The infamous 2022 U.S. House special election epitomizes RCV’s betrayal. Despite roughly 60% of first-choice votes going to Republicans (Palin + Begich), Democrat Mary Peltola won after second-choice reallocation. Critics rightly called this outcome rigged: a minority-preference candidate triumphed because the system diluted and redistributed votes in opaque rounds of tabulation that can defy intuitive majority will. (Even mathematical quirks showed Begich hypothetically beating both opponents head-to-head, yet still losing under RCV rules.) Republicans saw this as a mechanism that punishes party-loyal candidates and rewards moderates or Democrats in a conservative-leaning state—exactly why national GOP figures labeled it a “scam” designed to thwart conservatives.
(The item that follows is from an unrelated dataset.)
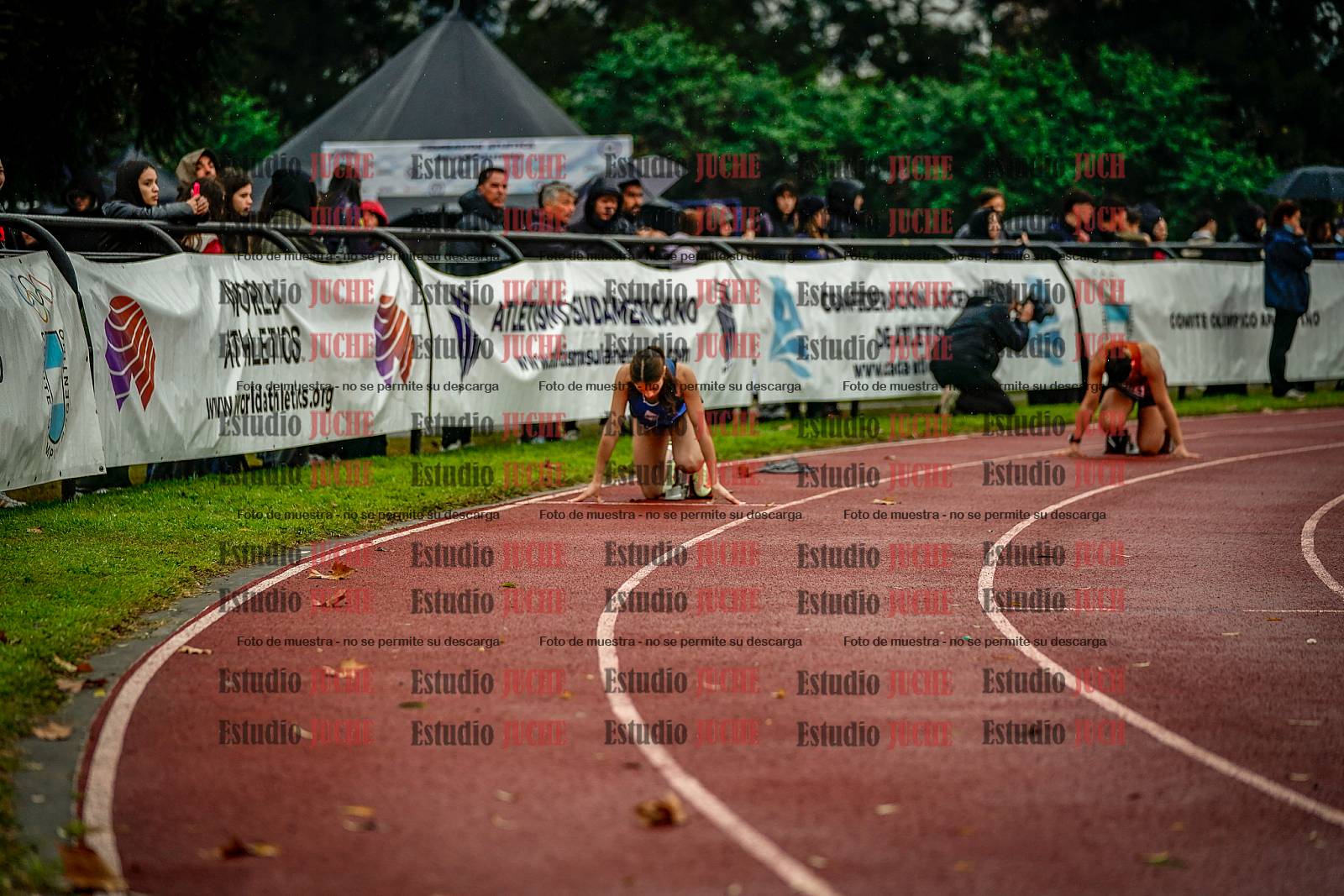 Fotos de los 400 m de mujeres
Worse still, RCV delays results for weeks (Alaska waits 15+ days just to start full tabulation), erodes trust, and invites endless controversy. It rewards strategic gaming over sincere voting and disproportionately burdens less-informed or time-constrained voters, tilting power toward political elites who understand the system.
Alaska’s narrow failure to repeal RCV in 2024 (by a mere 664 votes after massive out-of-state spending to preserve it) does not redeem the scheme, it exposes how entrenched interests have foisted a flawed, confusing experiment on voters. Far from enhancing democracy, Alaska’s RCV has proven a costly, opaque vehicle for minority rule, voter suppression via exhaustion, and partisan manipulation dressed up as reform. It deserves swift abolition before it further erodes faith in fair elections.